First posted: Aug 11, 2013

Espresso Martinis



Cooks in:        Serves:10

  • 1.5 litres cream, whipped
  • 100ml Strong espresso
  • 12 egg yolks
  • 500g castor sugar
  • 1 packet Leaf gelatine
  • 2 cans Condensed milk
  • 500ml full cream milk
  • 1 bottle Coffee liqueur
  • Packet of Tennis biscuits blended into a dust
  • 2 Tbsp Horlicks

What to do

1. Whip the cream and set aside

2. Add egg yolks to mixer bowl.

3. Heat castor sugar to 121 degrees and pour onto egg yolks. Whisk till cold.

4. Add espresso and liqueur , fold in the whipped cream

5. Place into glasses and chill

6. Soften condensed milk and thin out with dairy milk.
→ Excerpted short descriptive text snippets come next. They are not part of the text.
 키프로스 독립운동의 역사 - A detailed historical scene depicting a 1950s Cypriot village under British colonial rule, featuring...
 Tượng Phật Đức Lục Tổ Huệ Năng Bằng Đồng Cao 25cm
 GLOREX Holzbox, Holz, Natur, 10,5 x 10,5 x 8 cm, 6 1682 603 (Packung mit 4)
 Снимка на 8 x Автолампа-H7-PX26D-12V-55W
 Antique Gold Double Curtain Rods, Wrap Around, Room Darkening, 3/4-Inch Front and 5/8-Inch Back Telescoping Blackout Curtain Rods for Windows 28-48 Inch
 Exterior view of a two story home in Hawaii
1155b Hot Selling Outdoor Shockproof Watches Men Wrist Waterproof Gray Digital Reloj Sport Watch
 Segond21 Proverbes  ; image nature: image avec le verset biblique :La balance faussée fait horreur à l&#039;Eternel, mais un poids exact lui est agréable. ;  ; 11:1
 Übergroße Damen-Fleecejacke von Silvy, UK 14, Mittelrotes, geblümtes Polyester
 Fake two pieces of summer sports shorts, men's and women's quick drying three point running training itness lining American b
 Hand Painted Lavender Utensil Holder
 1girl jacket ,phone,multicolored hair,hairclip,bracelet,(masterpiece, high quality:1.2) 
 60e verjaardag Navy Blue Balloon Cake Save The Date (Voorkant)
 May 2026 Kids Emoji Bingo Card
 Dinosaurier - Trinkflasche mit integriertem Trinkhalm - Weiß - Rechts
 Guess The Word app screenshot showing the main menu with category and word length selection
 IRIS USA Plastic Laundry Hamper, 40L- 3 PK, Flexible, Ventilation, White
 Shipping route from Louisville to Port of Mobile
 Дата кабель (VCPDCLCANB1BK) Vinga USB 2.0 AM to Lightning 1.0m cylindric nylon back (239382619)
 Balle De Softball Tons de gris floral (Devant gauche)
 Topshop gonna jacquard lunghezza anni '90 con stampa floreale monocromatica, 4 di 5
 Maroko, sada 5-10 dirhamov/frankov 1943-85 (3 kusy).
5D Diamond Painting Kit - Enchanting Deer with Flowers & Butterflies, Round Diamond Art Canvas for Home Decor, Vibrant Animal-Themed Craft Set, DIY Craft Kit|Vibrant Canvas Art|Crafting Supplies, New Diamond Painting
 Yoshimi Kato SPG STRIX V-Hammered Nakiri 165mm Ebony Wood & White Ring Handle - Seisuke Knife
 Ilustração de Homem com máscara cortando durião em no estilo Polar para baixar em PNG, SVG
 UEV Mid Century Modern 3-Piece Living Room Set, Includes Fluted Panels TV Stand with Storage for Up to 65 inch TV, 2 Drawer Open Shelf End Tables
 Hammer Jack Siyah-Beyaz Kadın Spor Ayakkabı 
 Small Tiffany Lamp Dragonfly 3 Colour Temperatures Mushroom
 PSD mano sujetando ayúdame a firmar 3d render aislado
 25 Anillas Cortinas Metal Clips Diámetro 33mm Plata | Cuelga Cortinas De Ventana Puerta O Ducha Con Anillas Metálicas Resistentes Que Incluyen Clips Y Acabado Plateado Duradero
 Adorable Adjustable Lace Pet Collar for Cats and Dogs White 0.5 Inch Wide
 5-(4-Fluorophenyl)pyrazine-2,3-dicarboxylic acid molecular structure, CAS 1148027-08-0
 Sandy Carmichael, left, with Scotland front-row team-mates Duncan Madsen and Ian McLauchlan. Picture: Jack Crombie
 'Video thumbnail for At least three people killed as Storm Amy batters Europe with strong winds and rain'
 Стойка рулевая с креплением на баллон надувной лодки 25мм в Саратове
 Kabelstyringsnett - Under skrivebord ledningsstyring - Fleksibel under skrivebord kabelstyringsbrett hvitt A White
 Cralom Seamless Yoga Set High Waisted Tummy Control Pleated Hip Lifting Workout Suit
Add the Horlicks and mix

7. Set 700ml of this mixture with 4 leaves of gelatine

8. Top the coffee mix in the glasses with a sprinkling of the Tennis biscuit dust

9. Whip the condensed milk mixture until light and frothy, place on top of tennis biscuit dust and return to fridge to chill till serving.

NOTE: The recipe calls for an espuma gun. This stage could also be done by whipping the mixture and topping. The espuma gun can be invested in as a nifty gadget, but is not a staple kitchen accessory.